Die Abstimmung über das Mediengesetz ging dann mit 228 Ja- zu 216 Nein-Stimmen aus. Die Opposition zweifelt die Rechtmäßigkeit des neuen Gesetzes an und warf der Regierung vor, Stimmen für die Abstimmung gekauft zu haben. Zuvor hatte die Regierung am Mittwoch im 460 Sitze zählenden Unterhaus vier Abstimmungen verloren - so viele wie noch nie, seitdem sie im Jahr 2015 an die Macht kam.

"Die parlamentarische Mehrheit, die mit dem Schlamm von Korruption und Erpressung zusammengeklebt ist, bröckelt", schrieb auf Twitter der ehemalige EU-Ratspräsident Donald Tusk, der die oppositionelle Bürgerplattform (PO) kommissarisch leitet.

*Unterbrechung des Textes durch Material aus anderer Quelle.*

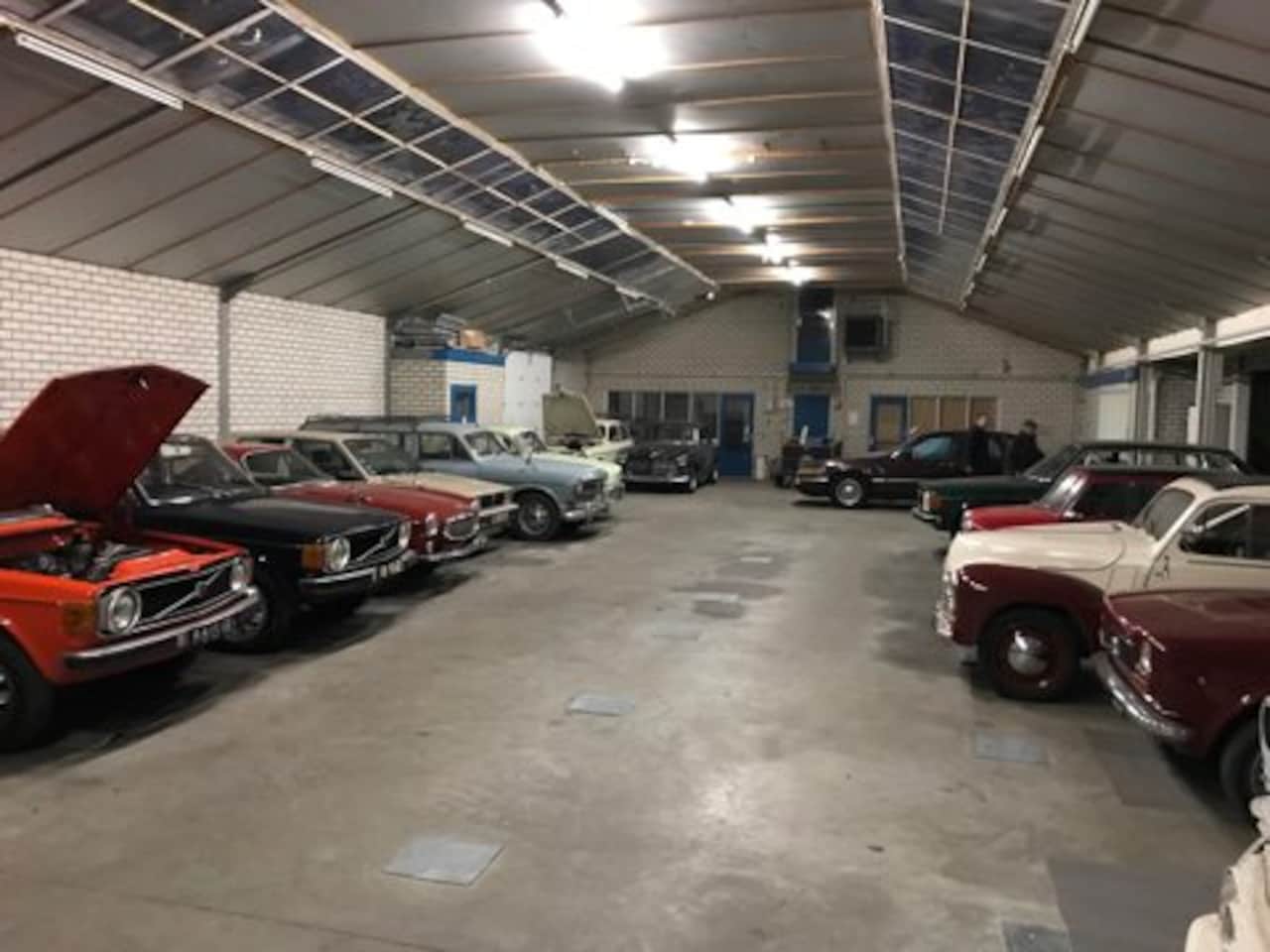 Mierlo Oldtimer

Dies könne noch eine Weile so weitergehen, aber die Regierung sei nicht mehr in der Lage zu regieren.

Das Gesetz verbietet es Firmen außerhalb Europas, mehr als 49 Prozent an polnischen Medienunternehmen zu besitzen. Damit könnte der US-Medienkonzern Discovery gezwungen sein, die Mehrheit seiner Anteile am regierungskritischen polnischen Privatsender TVN zu verkaufen. Kritiker sehen darin einen Verstoß gegen den Grundsatz der Medienfreiheit. Am Dienstagabend fanden deshalb in mehreren polnischen Städten Proteste gegen das Vorhaben statt.

Die Regierung hat bereits die vollständige Kontrolle über den öffentlich-rechtlichen Fernsehsender TVP, der zum Propagandaorgan der PiS geworden ist, sowie über einen Großteil der regionalen Presse.

Der Gesetzesentwurf zu dem umstrittenen Mediengesetz war einer der Auslöser für das tiefe Zerwürfnis zwischen der Partei Recht und Gerechtigkeit (PiS) von Ministerpräsident Mateusz Morawiecki und ihrem Juniorpartner, der Partei Verständigung. Es führte am Dienstag zum Bruch der Koalition, die Partei Verständigung zog sich aus dem Regierungsbündnis zurück. Sie reagierte damit auch auf Morawieckis Entscheidung, ihren Vorsitzenden Jaroslaw Gowin als Vize-Regierungschef abzuberufen. Hintergrund ist neben dem umstrittenen Mediengesetz auch ein Streit über die Steuerpolitik.

In den vergangenen Monaten hatten die Spannungen zwischen Gowins Partei und der PiS zugenommen. Anlass waren unter anderem geplante Steuererhöhungen, die der Vize-Regierungschef ablehnte. Gowin kritisierte zudem das geplante neue Mediengesetz. Die sogenannte Lex TVN verstoße eindeutig gegen den Grundsatz der Medienfreiheit, sagte Gowin. Er warnte zudem vor einem Konflikt mit dem Verbündeten USA.

Das Ausscheiden der Partei Verständigung aus der Koalition mit der von Jaroslaw Kaczynski geführten Partei PiS bedeutet jedoch vorerst nicht das Ende der nationalkonservativen Regierung. Nach dem Rückzug ihres Juniorpartners ist die PiS nun auf die Unterstützung von Abgeordneten anderer Parteien aus dem rechten Spektrum angewiesen - wie bei der Abstimmung über das Mediengesetz.